WASHINGTON (Reuters) - The number of families collecting cash welfare benefits rose during the longest and deepest economic downturn in the United States since the Great Depression, the U.S. Census said on Thursday.
Caseloads in the Temporary Assistance to Needy Families (TANF) program had fallen in the 1990s and leveled off in the early part of the 2000s.
Then the recession hit in 2007 and officially ended in 2009. The participation rate in the program rose to 4.8 percent of families with children under the age of 18 in 2009 from 3.8 percent in 2006. The number of benefit recipients rose to 1.7 million from 1.4 million.
Participation also rose in other federal aid programs, including those that help cover energy bills and grocery costs, the Census said.
“The report suggests that the recent economic recession impacted American families with children and that the impact was not just limited to TANF families or poor families,” Shelley Irving, a demographer at the Census, said in a statement.
The program, which resulted from massive welfare reforms enacted under President Bill Clinton, sends $16.6 billion total each year to the states. They, in turn, make monthly cash payments to low-income families to help pay for food, clothing, housing and other needs. Many also provide one-time emergency payments.
Much of the increase during the recession came from families who used the benefits for a short period. The percentage of families who used TANF for part of the year jumped to 3.3 percent in 2009 from 2.1 percent in 2006.
Some of it also came from an unlikely source — married couples.
“Married-couple families, who have the lowest overall rates of TANF participation, saw an increase in their participation rate from 2006 to 2009,” Irving said.
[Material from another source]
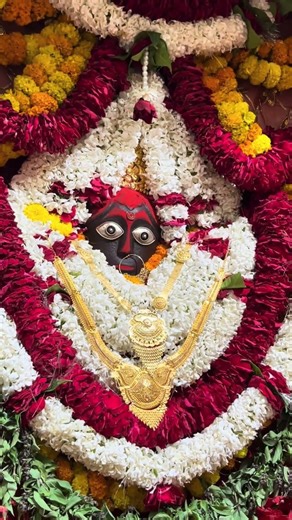 माँ शीतला महारानी 🌺❤️🙏🏻. #bhakti #jaimatadi #shortsindia #hindugod #viral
In 2009, 1.9 percent of families headed by married couples received benefits, compared to 1.6 percent in 2006.
Cash benefits only make up about 41 percent of states’ costs for the program. Nonetheless, three states have recently cut the benefit amounts, according to a report from the National Governors Association and National Association of State Budget Officers released earlier this week.
California cut benefits 8 percent, Nevada 1.8 percent, and Wisconsin 2.9 percent. Currently, Nevada has the highest unemployment rate in the country, followed by California.
Florida raised amounts by 4.1 percent this fiscal year, which started in July.
Other states left benefit amounts untouched, but changed their programs. Arizona residents now can only collect TANF for 24 months over their lifetimes, as opposed to the previous 36 months.
While unemployment became a bigger problem for families of all types during the recession and after — the national jobless rate is 9 percent — the Census found that parents were eager to solve the problem.
“Enrollment in programs to help find work and job skills programs increased for TANF and non-TANF families from 2006 to 2009,” the report said.